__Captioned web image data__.
• • •

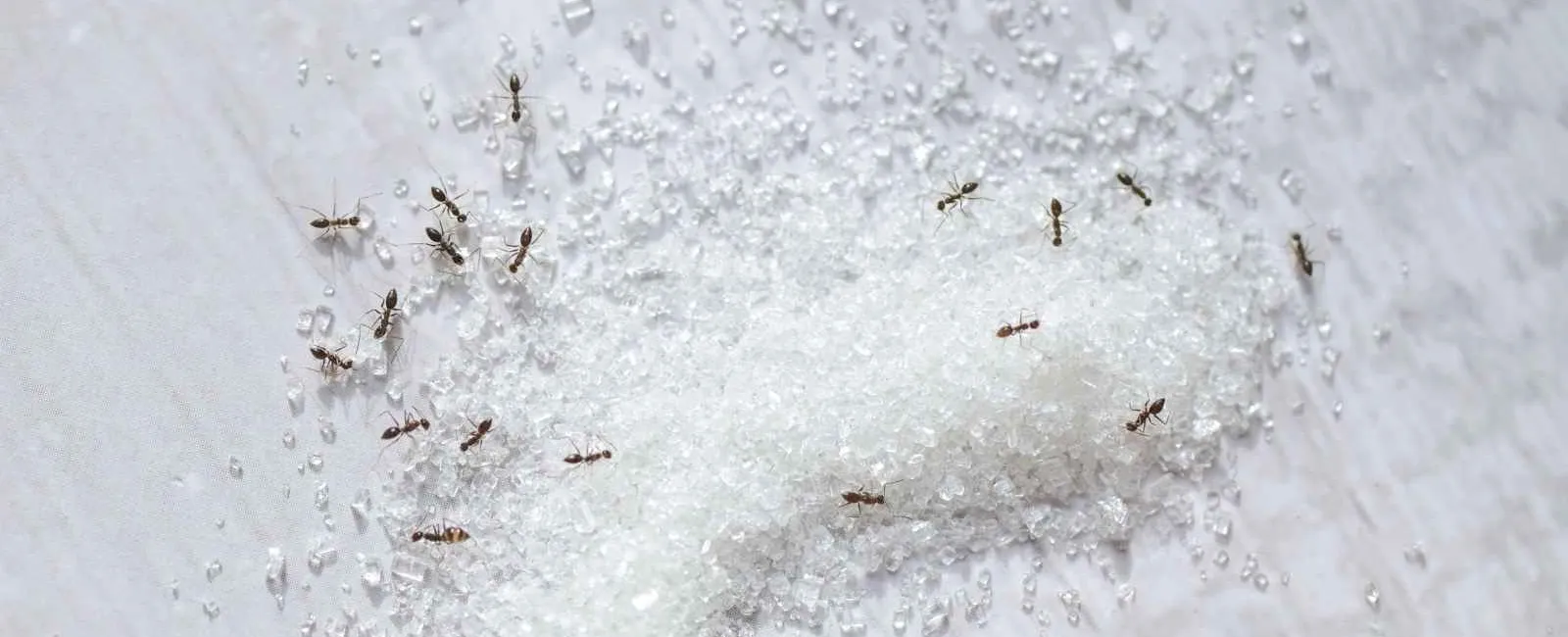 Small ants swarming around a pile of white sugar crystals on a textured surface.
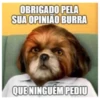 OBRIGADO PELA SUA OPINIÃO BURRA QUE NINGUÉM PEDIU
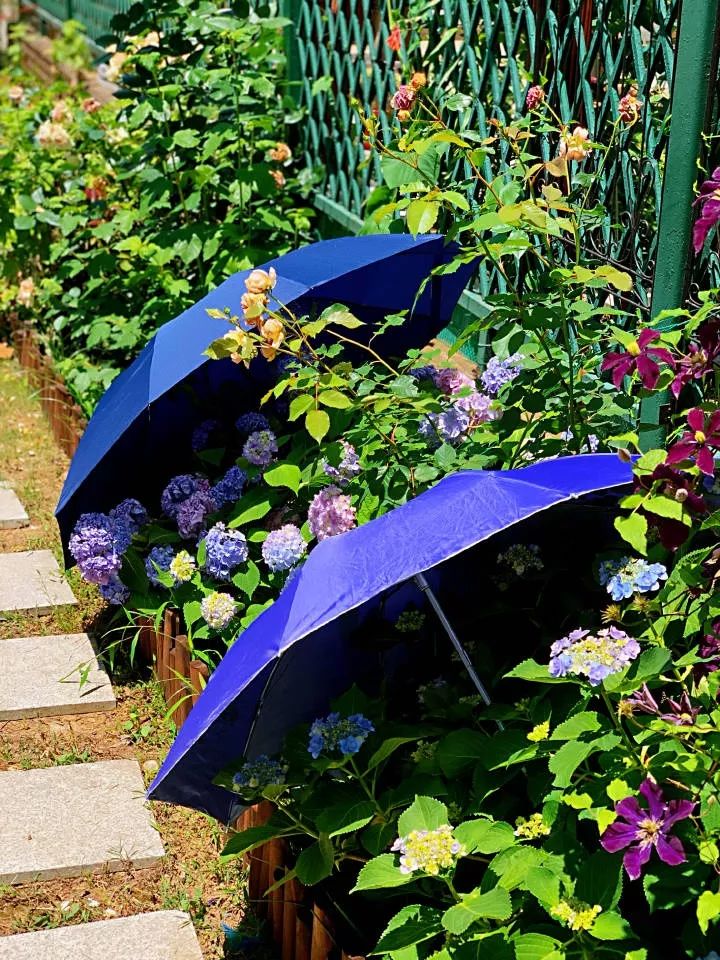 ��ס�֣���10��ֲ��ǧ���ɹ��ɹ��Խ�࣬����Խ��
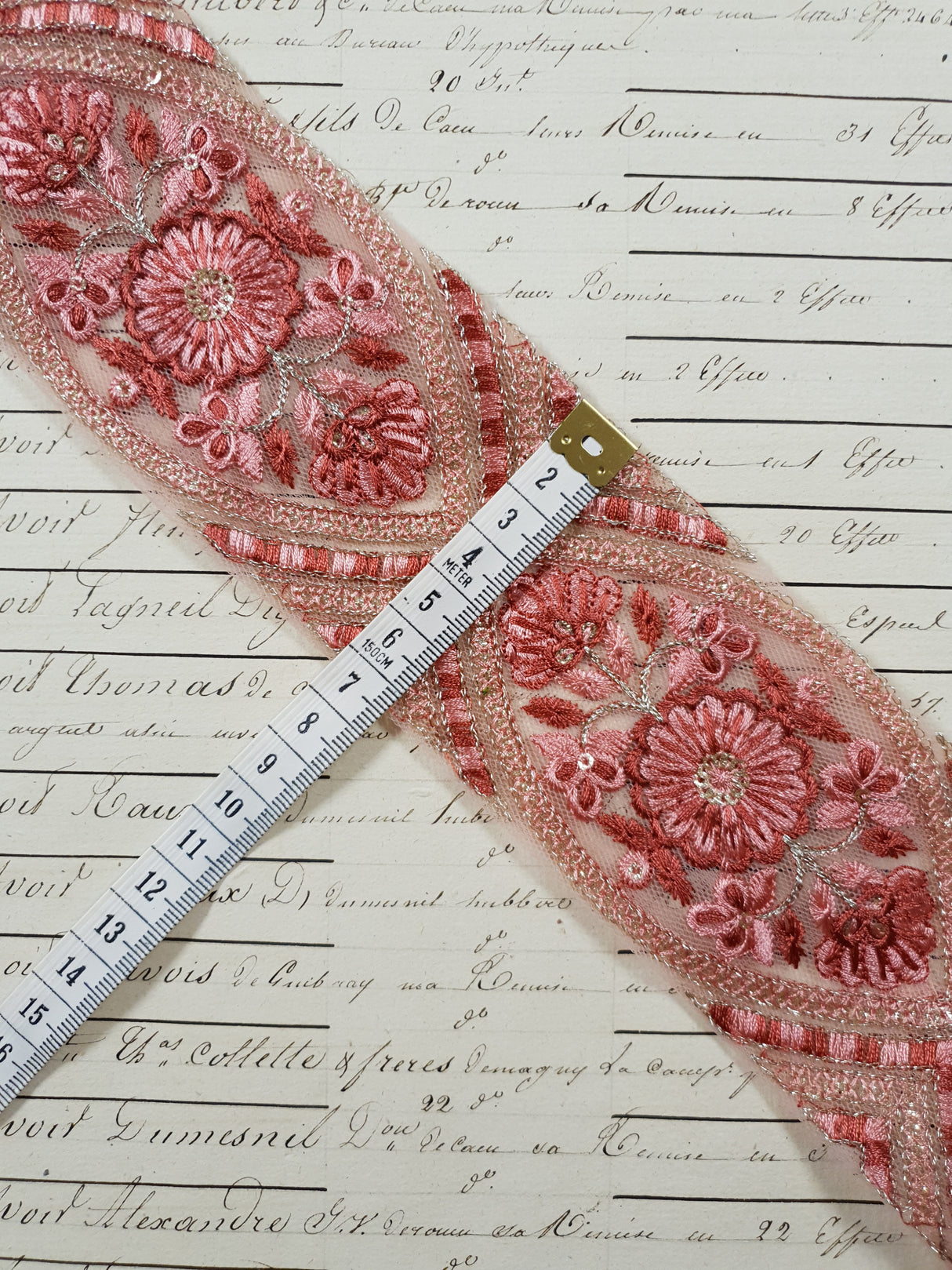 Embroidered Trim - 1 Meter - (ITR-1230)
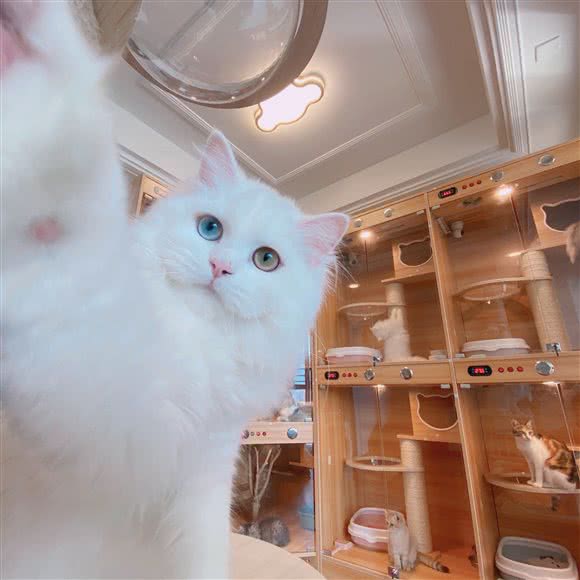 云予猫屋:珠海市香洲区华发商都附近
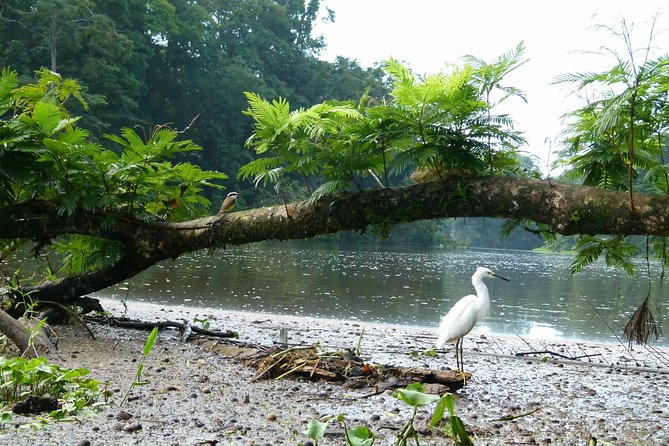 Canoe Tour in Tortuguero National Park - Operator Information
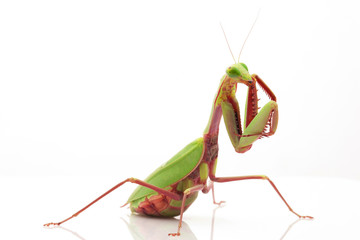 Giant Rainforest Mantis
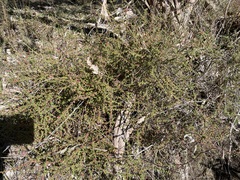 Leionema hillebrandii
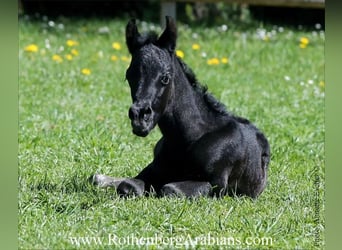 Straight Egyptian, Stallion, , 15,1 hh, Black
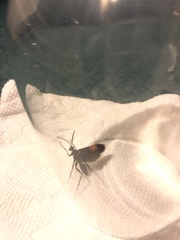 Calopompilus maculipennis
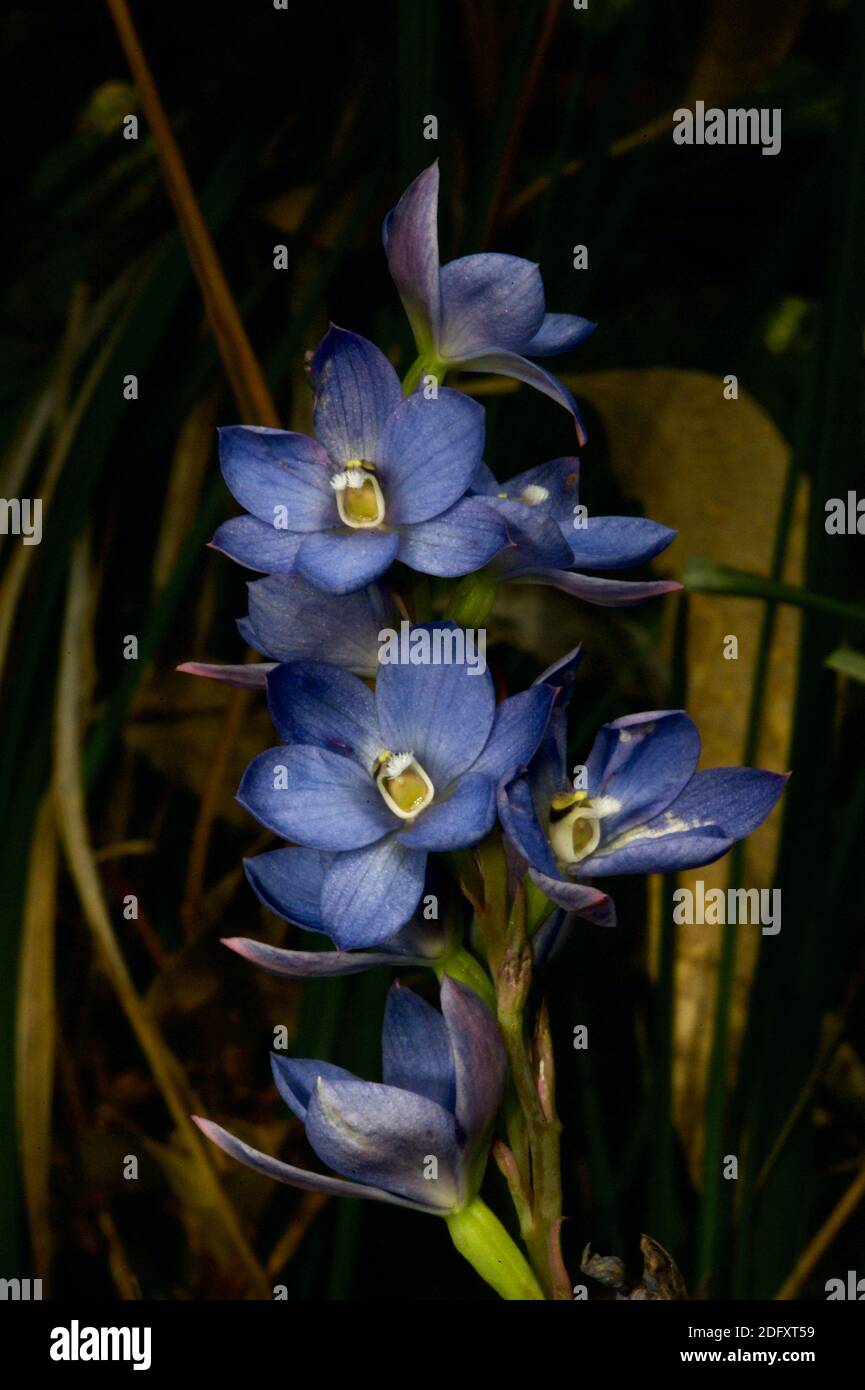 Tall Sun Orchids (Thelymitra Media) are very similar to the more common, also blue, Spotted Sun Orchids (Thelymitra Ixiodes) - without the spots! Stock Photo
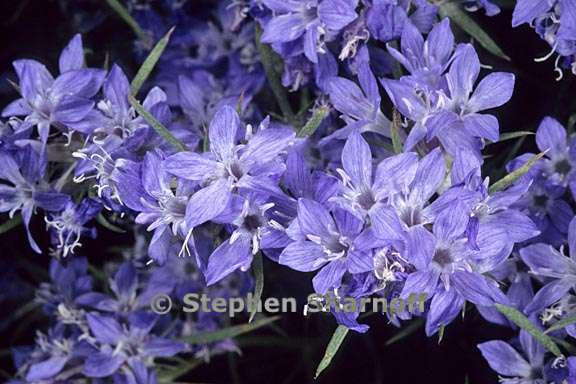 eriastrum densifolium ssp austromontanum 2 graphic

• • •

__Task to complete__.
Your task is to copy the entries in full and exactly, without any images.

__Solution__.
 Small ants swarming around a pile of white sugar crystals on a textured surface.
 OBRIGADO PELA SUA OPINIÃO BURRA QUE NINGUÉM PEDIU
 ��ס�֣���10��ֲ��ǧ���ɹ��ɹ��Խ�࣬����Խ��
 Embroidered Trim - 1 Meter - (ITR-1230)
 云予猫屋:珠海市香洲区华发商都附近
 Canoe Tour in Tortuguero National Park - Operator Information
 Giant Rainforest Mantis
 Leionema hillebrandii
 Straight Egyptian, Stallion, , 15,1 hh, Black
 Calopompilus maculipennis
 Tall Sun Orchids (Thelymitra Media) are very similar to the more common, also blue, Spotted Sun Orchids (Thelymitra Ixiodes) - without the spots! Stock Photo
 eriastrum densifolium ssp austromontanum 2 graphic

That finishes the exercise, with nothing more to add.